Christi Himmelfahrt: Krimi-Triumph und Quiz-Hits teilen die TV-Zuschauer
Lina FuchsChristi Himmelfahrt: Krimi-Triumph und Quiz-Hits teilen die TV-Zuschauer
Deutsche Fernsehzuschauer zeigten am Abend von Christi Himmelfahrt unterschiedliche Vorlieben. Während die öffentlich-rechtlichen Sender mit Kriminaldramen und Nachrichtensendungen dominierten, lockten private Kanäle mit Quizshows und Modelcastings zwar kleinere, aber bemerkenswerte Zuschauerzahlen an.

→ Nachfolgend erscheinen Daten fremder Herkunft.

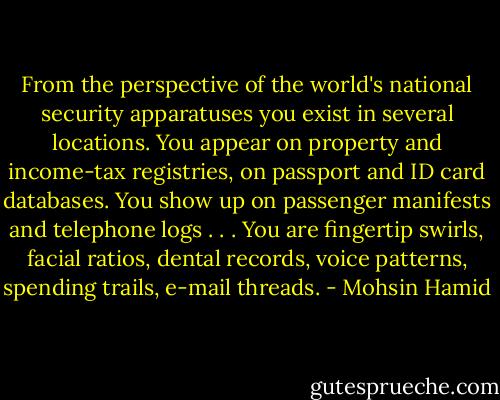 From the perspective of the world's national security apparatuses you exist in several locations. You appear on property and income-tax registries, on passport and ID card databases. You show up on passenger manifests and telephone logs . . . You are fingertip swirls, facial ratios, dental records, voice patterns, spending trails, e-mail threads. - Mohsin Hamid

Das meistgesehene Programm war am Donnerstagabend der Kroatien-Krimi: Gefahr im Verzug. Die Produktion verzeichnete 5,01 Millionen Zuschauer und erreichte einen Marktanteil von 22,7 Prozent. Später führte das heute journal des ZDF mit 2,83 Millionen Zuschauern und 14,1 Prozent Marktanteil, noch vor der ARD-Sendung extra 3, die auf 2,30 Millionen Zuschauer (12,0 Prozent) kam.
Ebenfalls im ZDF folgte Lena Lorenz: Wahlverwandtschaft mit 3,11 Millionen Zuschauern und einem Marktanteil von 14,1 Prozent. Damit belegte die Sendung Platz fünf der meistgesehenen Programme, blieb aber deutlich hinter dem Spitzenreiter im Primetime-Krimi zurück.
Bei den Privatsendern schnitt Sat.1s Das 1%-Quiz am besten ab. Die Show zog 1,30 Millionen Zuschauer an (6,2 Prozent Marktanteil) und erreichte in der werberelevanten Zielgruppe der 14- bis 49-Jährigen 0,31 Millionen (8,3 Prozent). ProSiebens Germany’s Next Topmodel kam auf 1,04 Millionen Zuschauer insgesamt (5,1 Prozent), verzeichnete aber bei den 14- bis 49-Jährigen einen Rückgang: Hier sahen 0,44 Millionen zu (11,7 Prozent) – weniger als in der Vorwoche. Knapp dahinter lag RTLs Dune: Teil Zwei mit 1,03 Millionen Zuschauern (5,4 Prozent).
ARDs Nischensender One strahlte das zweite Halbfinale des Eurovision Song Contest aus, das 0,88 Millionen Zuschauer (4,7 Prozent) anzog. Das war etwas weniger als beim ersten Halbfinale am Dienstag, das auf 0,92 Millionen kam. Bei den jüngeren Zuschauern sank die Zahl im zweiten Halbfinale auf 0,35 Millionen (9,8 Prozent Marktanteil).
Die öffentlich-rechtlichen Sender hielten mit Kriminaldramen und Nachrichtensendungen weiterhin starke Zuschauerzahlen. Die Privatsender sicherten sich zwar kleinere, aber engagierte Zielgruppen – vor allem mit Quizformaten und Modelwettbewerben. Die Eurovision-Halbfinale auf ARDs One verzeichneten sowohl bei den Gesamtzuschauern als auch in der jungen Zielgruppe einen leichten Rückgang.